REKLAMA
W ostatnim czasie awarii uległo drugie auto brata, którym dojeżdżałem do pracy(posypała się skrzynia). Mając świadomość, że pewnie silnik też jest na wykończeniu postanowiłem nie naprawiać tego auta. Zastanawiam się nad przyśpieszeniem zakupu swojego auta, tylko tutaj pojawia się swojego rodzaju dylemat. W aktualnym momencie mój budżet na zakup auta waha się w okolicy 5-6 tys plus powiedzmy z 1,5k na pakiet startowy. Jednak kupując auto chciałbym nim pojeździć te 2-3 lata, także zastanawiam się czy po prostu nie lepiej dozbierać do tych 8 tys i kupić co w tym budżecie.

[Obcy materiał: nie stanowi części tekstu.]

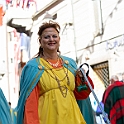 02497_DM3_6306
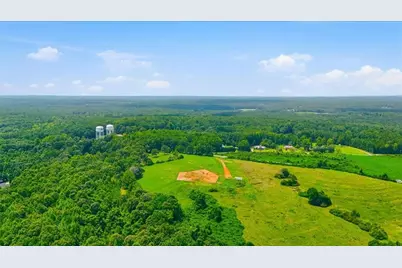000 Rainey Rd, Temple, GA 30179 - Photo 5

Auto będzie mi potrzebne do dojazdów do pracy oraz na uczelnie, także musi być na pewno "komfortowe"(oczywiście wiadomo, że cudów w tej cenie nie oczekuję). Z całą pewnością celuję w benzynkę, ponad 100koni, żeby auto w miarę sprawnie się przemieszczało. Dodatkowym atutem będzie dobre znoszenie instalacji gazowej przez silnik. Także jakie auta polecacie w tym budżecie?